== Required work ==
Copy every entry word for word. Skip the pictures.

== Brief descriptive captions ==
________________
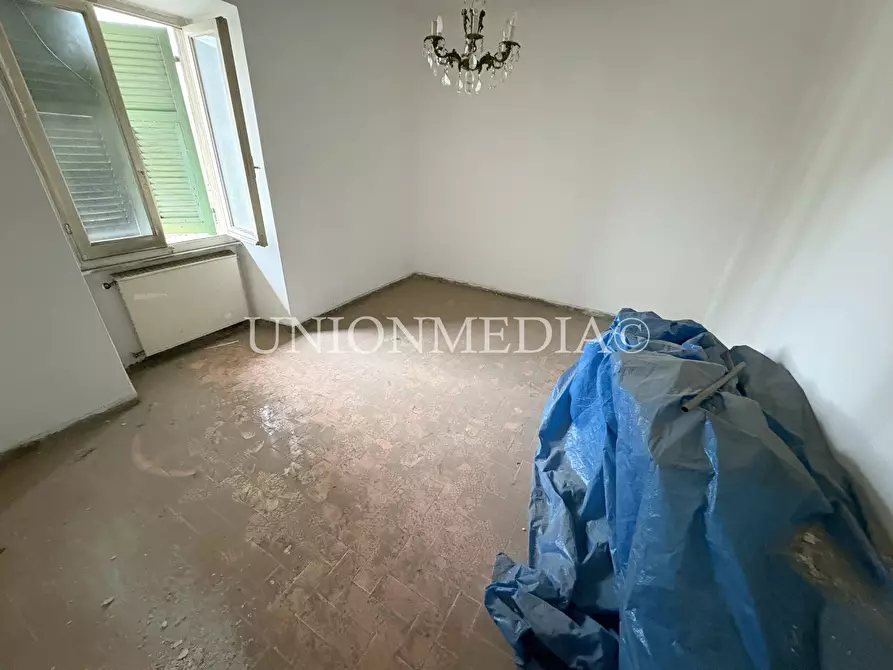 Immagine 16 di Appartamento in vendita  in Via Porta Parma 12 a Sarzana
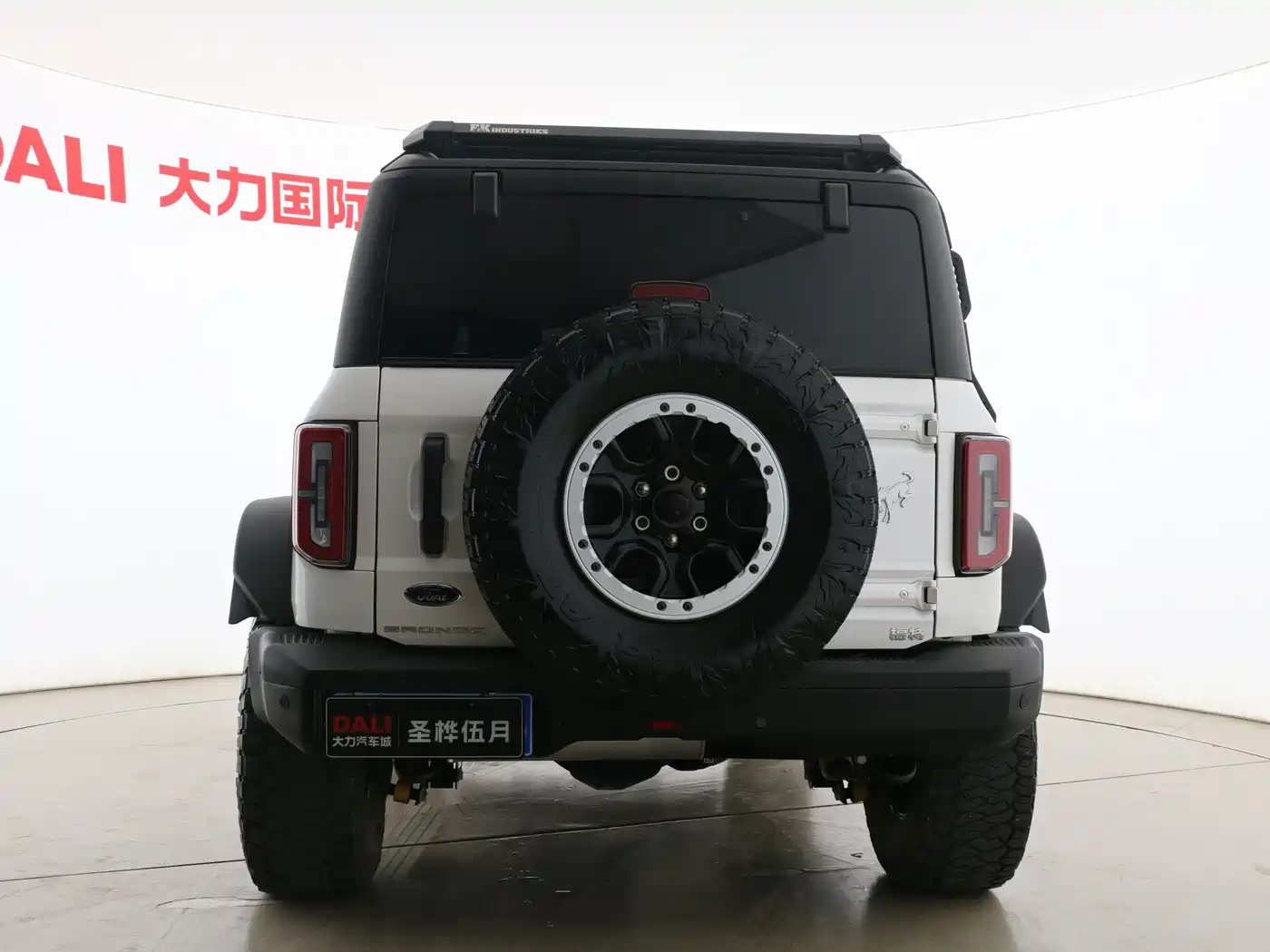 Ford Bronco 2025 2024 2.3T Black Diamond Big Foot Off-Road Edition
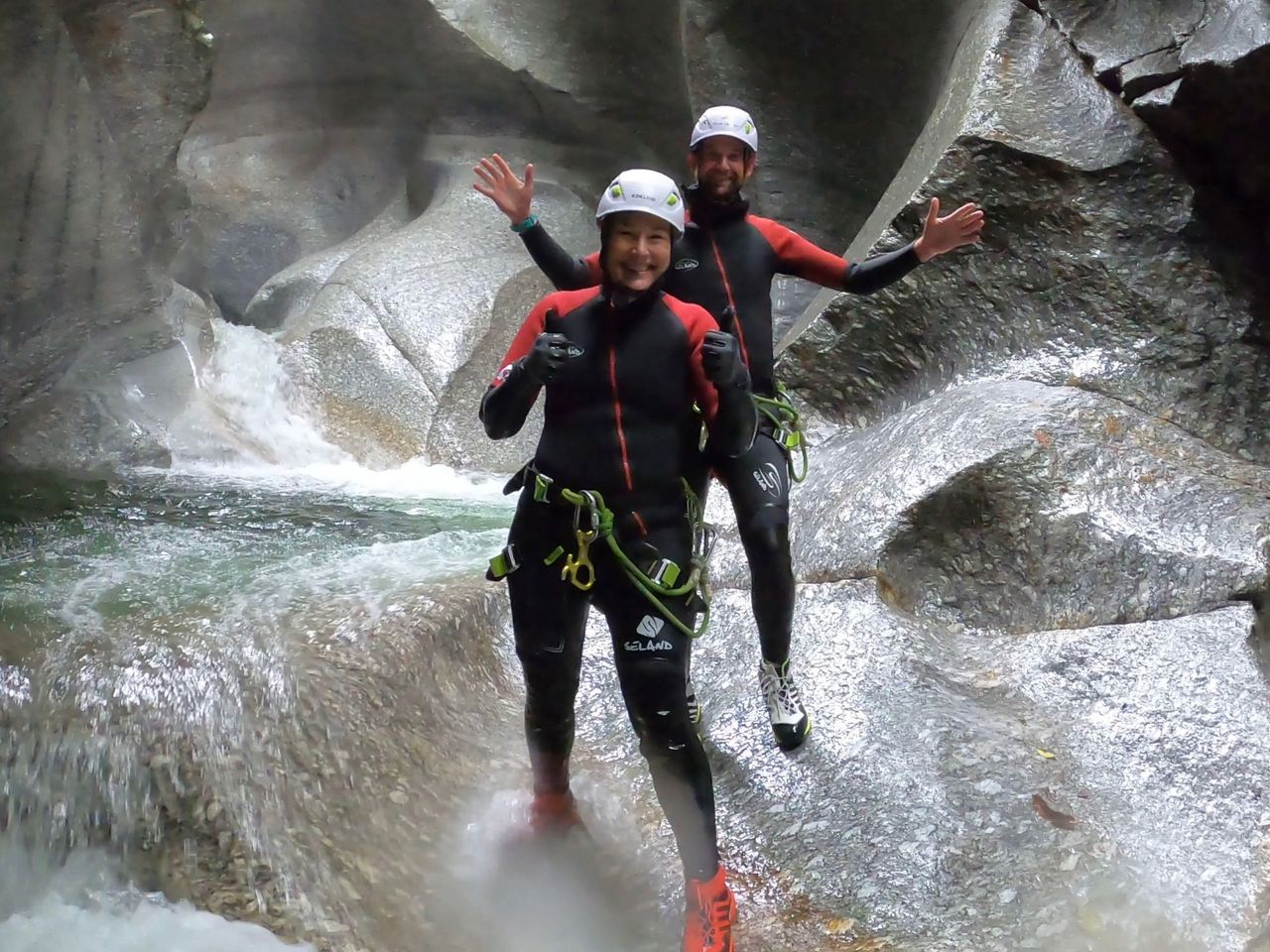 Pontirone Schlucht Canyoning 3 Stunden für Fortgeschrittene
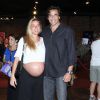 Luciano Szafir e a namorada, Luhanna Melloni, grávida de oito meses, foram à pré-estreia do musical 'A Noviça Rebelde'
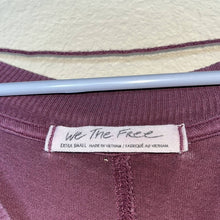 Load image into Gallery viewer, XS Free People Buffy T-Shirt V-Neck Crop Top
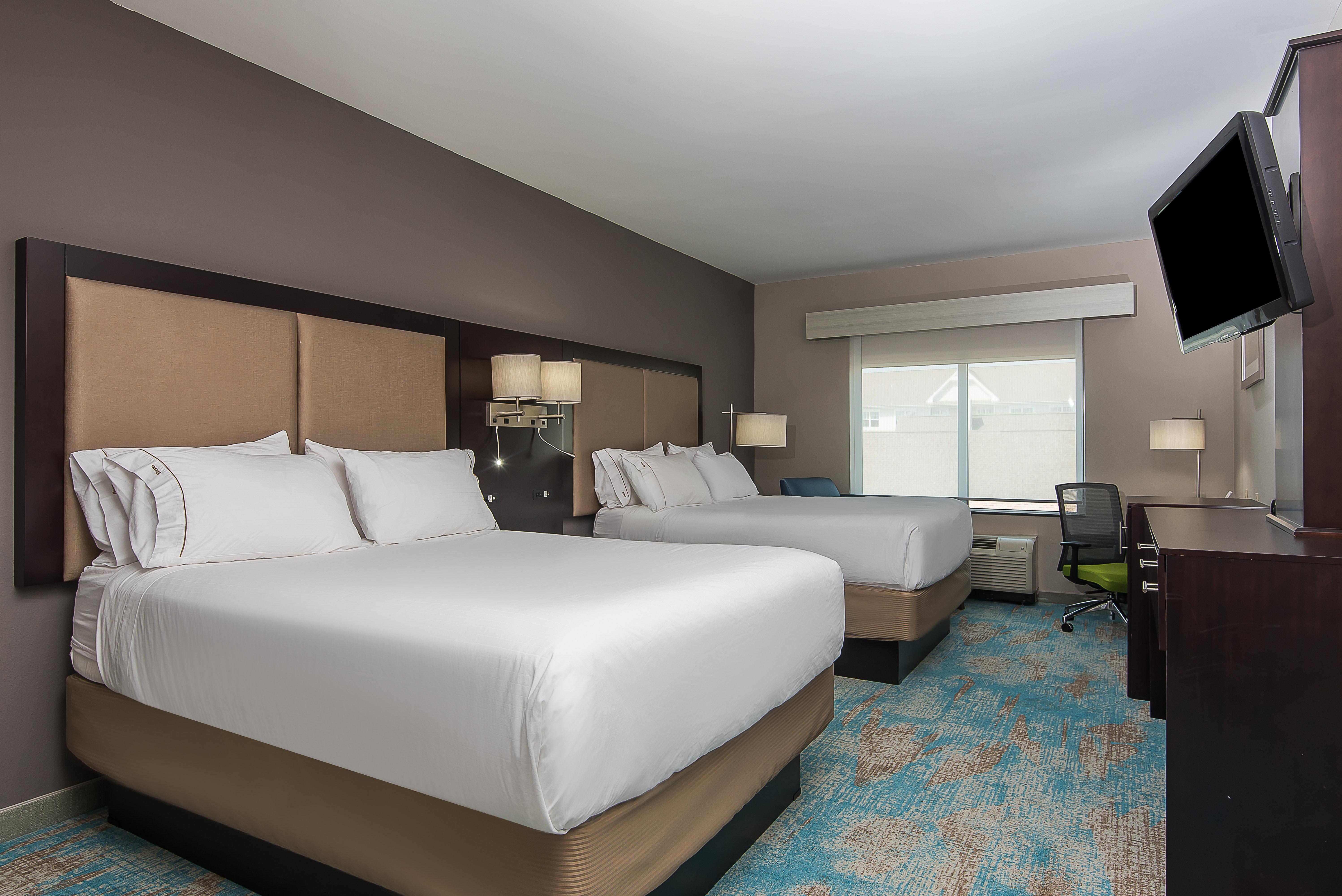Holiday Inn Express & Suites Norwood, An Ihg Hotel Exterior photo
________________
== Completed exercise ==
 Immagine 16 di Appartamento in vendita  in Via Porta Parma 12 a Sarzana
 Ford Bronco 2025 2024 2.3T Black Diamond Big Foot Off-Road Edition
 Pontirone Schlucht Canyoning 3 Stunden für Fortgeschrittene
 Luciano Szafir e a namorada, Luhanna Melloni, grávida de oito meses, foram à pré-estreia do musical 'A Noviça Rebelde'
 Load image into Gallery viewer, XS Free People Buffy T-Shirt V-Neck Crop Top
Holiday Inn Express & Suites Norwood, An Ihg Hotel Exterior photo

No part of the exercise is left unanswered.